Tuesday, June 5, 2018

Presidential Pardons and the Rape of Lucretia

Yesterday, President Trump tweeted, "I have the absolute right to PARDON myself...."  This conclusion seems to be based on the absence of explicit constraints in the first paragraph of Article II, Section 2 of the Constitution:  
The President ... shall have Power to grant Reprieves and Pardons for Offences against the United States, except in Cases of Impeachment.
Let's assume Trump is right.  What consequences could this have?

For one thing, it would put is squarely in the bearded-Spock mirror universe.

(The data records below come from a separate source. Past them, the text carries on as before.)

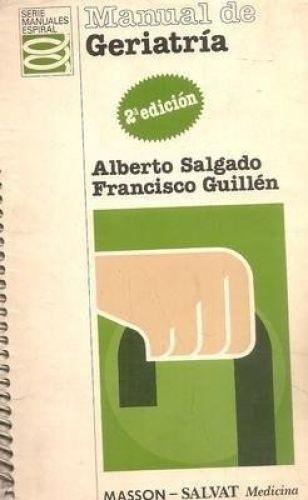 Portada del libro de MANUAL DE GERIATRIA SALGADO, ALBERTO Y FRANCISCO G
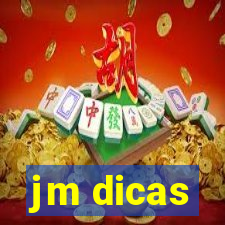 jm dicas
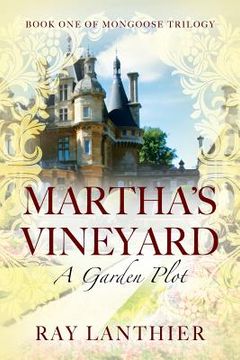 portada Martha's Vineyard: A Garden Plot - Book One of Mongoose Trilogy (en Inglés)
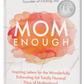 Mom Enough: Inspiring Letters for the Wonderfully ...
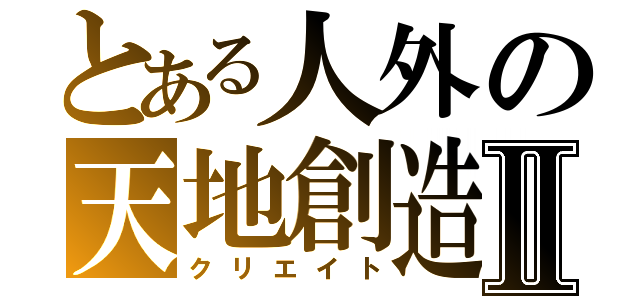 とある人外の天地創造Ⅱ（クリエイト）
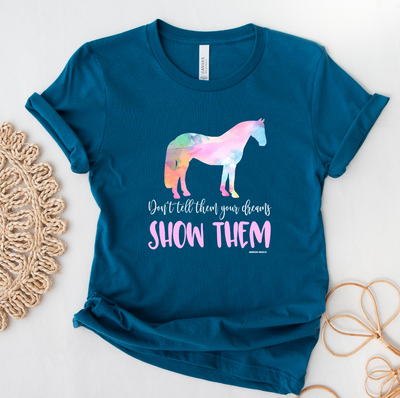 Show Them Horse T-Shirt (XS-4XL) - Multiple Colors!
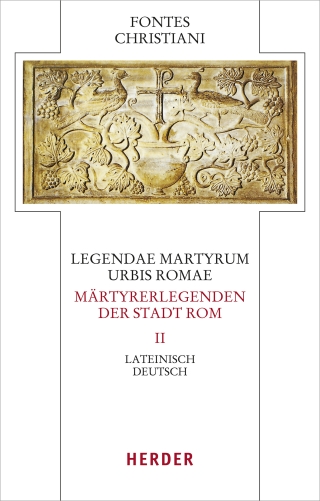 Legendae martyrum urbis Romae – Märtyrerlegenden der Stadt Rom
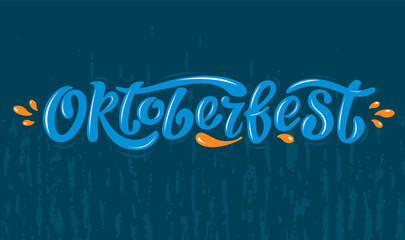 Oktoberfest logo lettering vector design, blue letters with beer drops on the textured background. Design template event celebration.  Title for greeting cards posters. Bavarian beer Festival banner.
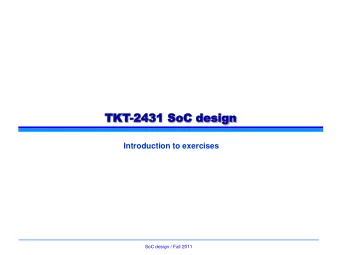 TKT  TKT-24  2431  31 So  SoC  C de  design  sign  Introduction to exercises  SoC design / Fall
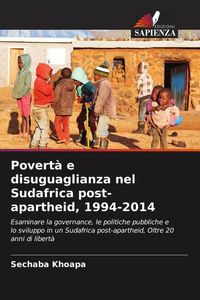 Produktbild: Povert&agrave; e disuguaglianza nel Sudafrica post-apartheid, 1994-2014
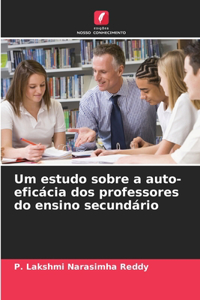 Um estudo sobre a auto-eficácia dos professores do ensino secundário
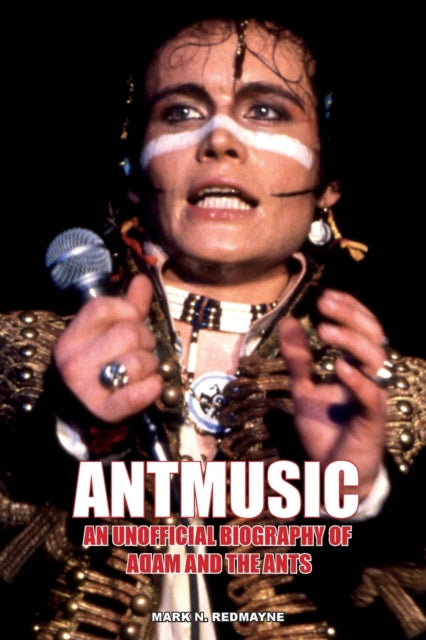 Binding: Paperback
Description: Coinciding with the 40th anniversary of Adam Ant's first solo number 1 single Goody two Shoes' Mark N.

  • Vice President Mike Pence could have Trump assassinated, then (as President) pardon himself and the assassins.
  • Speaker of the House Paul Ryan could have Trump and Pence both assassinated, then (as President) pardon himself and the assassins.
  • Senate President Pro Tempore Orrin Hatch could have all of the above assassinated, then (as President) pardon himself and the assassins.
  • Secretary of State Rex Tillerson could have all of the above assassinated, then (as President) pardon himself and the assassins.
  • You get the idea.  It keeps on like this down the order of succession.


On the other hand, the Constitution does not allow a President to pardon impeachments.  This isn't much of a problem really, though, if a President can have the Congress murdered and then pardon himself and the other murderers.

Like most Republicans, Trump claims to respect the original intent of the authors of the Constitution.  Does anyone really think this is what they had in mind?  Bear in mind, these were men who had rebelled against the British king for far less, and who had signed off on the words of the Declaration of Independence:
But when a long train of abuses and usurpations, pursuing invariably the same Object evinces a design to reduce them under absolute Despotism, it is their right, it is their duty, to throw off such Government, and to provide new Guards for their future security. 

As importantly, the Founding Fathers knew the story of the Rape of Lucretia, by Sextus Tarquinius, son of Lucius Tarquinius Superbus, the king of Rome.  More specifically, and not at all coincidentally, the last king of Rome:  the rape so scandalized the Roman people that they overthrew the monarchy.  The Founding Fathers understood that some outrages cannot be swept under the carpet by clever wordplay by lawyers, because the Romans are not the only people who could cast off a whole system. 

If nothing was explicitly written about this in the Constitution, it is because Rule of Law is a prerequisite for any democracy and for any republic, and any President who lacks the wisdom to know this already would not feel constrained by any mere "scrap of paper".